On March 9, 2026, Pakistan anticipates the arrival of three petrol cargoes, according to Petroleum Minister Ali Pervaiz Malik. The announcement comes amid escalating tensions in the Middle East, raising concerns over potential disruptions to the nation’s fuel supplies.
During a high-level meeting in Karachi, key officials, including Sindh Chief Minister Murad Ali Shah and Finance Minister Muhammad Aurangzeb, deliberated on the situation’s implications for Pakistan’s energy supplies and economy. The federal government recently increased petrol and diesel prices by Rs55 per litre due to surging global oil prices driven by the US-Israel conflict with Iran.

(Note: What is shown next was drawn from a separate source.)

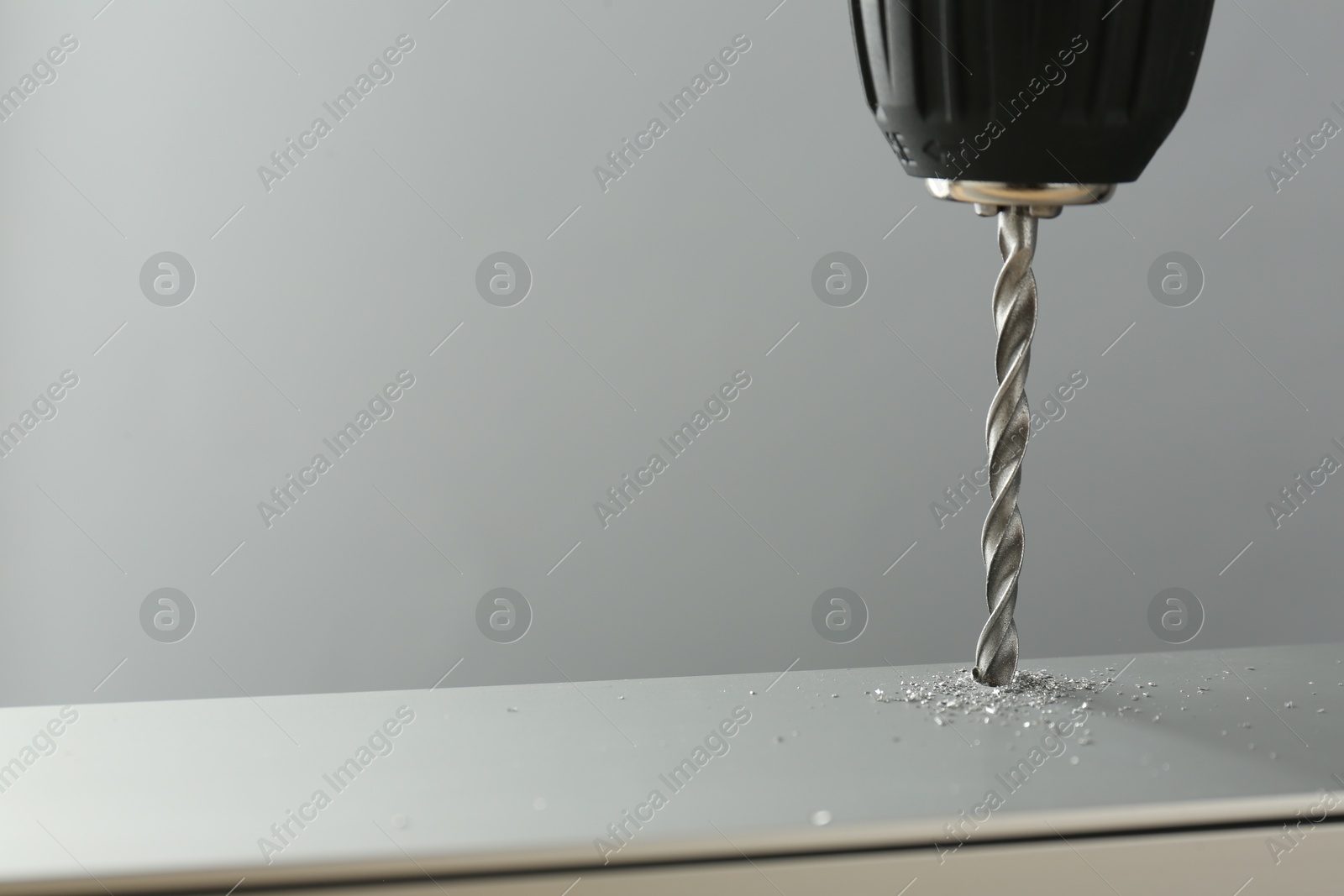 Photo of Drilling hole in light surface on gray background, closeup. Space for text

Officials at the meeting warned that if the Middle East conflict intensifies, crude oil prices could soar to $120 per barrel, further straining Pakistan’s economic stability. Emergency energy conservation measures were discussed to manage fuel consumption and ensure economic continuity.

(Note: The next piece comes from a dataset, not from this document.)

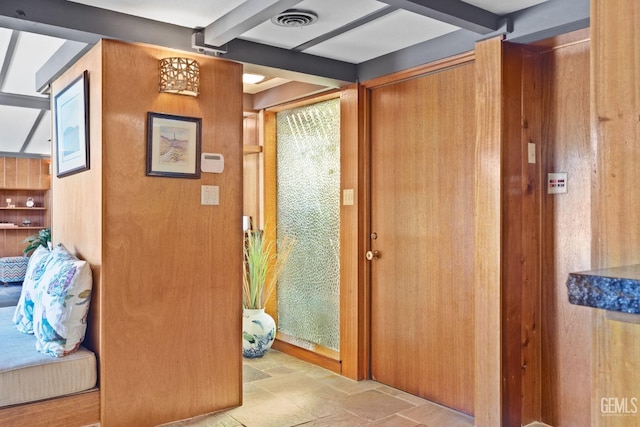 doorway featuring stone finish floor, beamed ceiling, and visible vents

Sindh Chief Minister emphasized responsible energy use and public cooperation, while Finance Minister Aurangzeb highlighted the federal government’s monitoring of global energy markets and contingency planning. He noted that a significant rise in crude oil prices could elevate Pakistan’s monthly oil import bill by up to $600 million.

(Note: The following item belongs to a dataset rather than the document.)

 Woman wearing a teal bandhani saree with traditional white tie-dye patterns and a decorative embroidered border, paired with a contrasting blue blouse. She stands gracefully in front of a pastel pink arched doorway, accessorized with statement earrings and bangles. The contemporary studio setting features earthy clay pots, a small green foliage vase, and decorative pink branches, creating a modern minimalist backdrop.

The meeting also addressed potential LNG supply disruptions due to Qatar’s force majeure declaration and discussed diplomatic efforts with Saudi Arabia, Oman, and the UAE to secure alternative fuel routes. Strengthened coordination between federal and provincial authorities was deemed essential to prevent hoarding and ensure smooth distribution.
In conclusion, the gathering underscored the importance of maintaining close federal-provincial coordination to manage the evolving energy landscape and safeguard economic stability.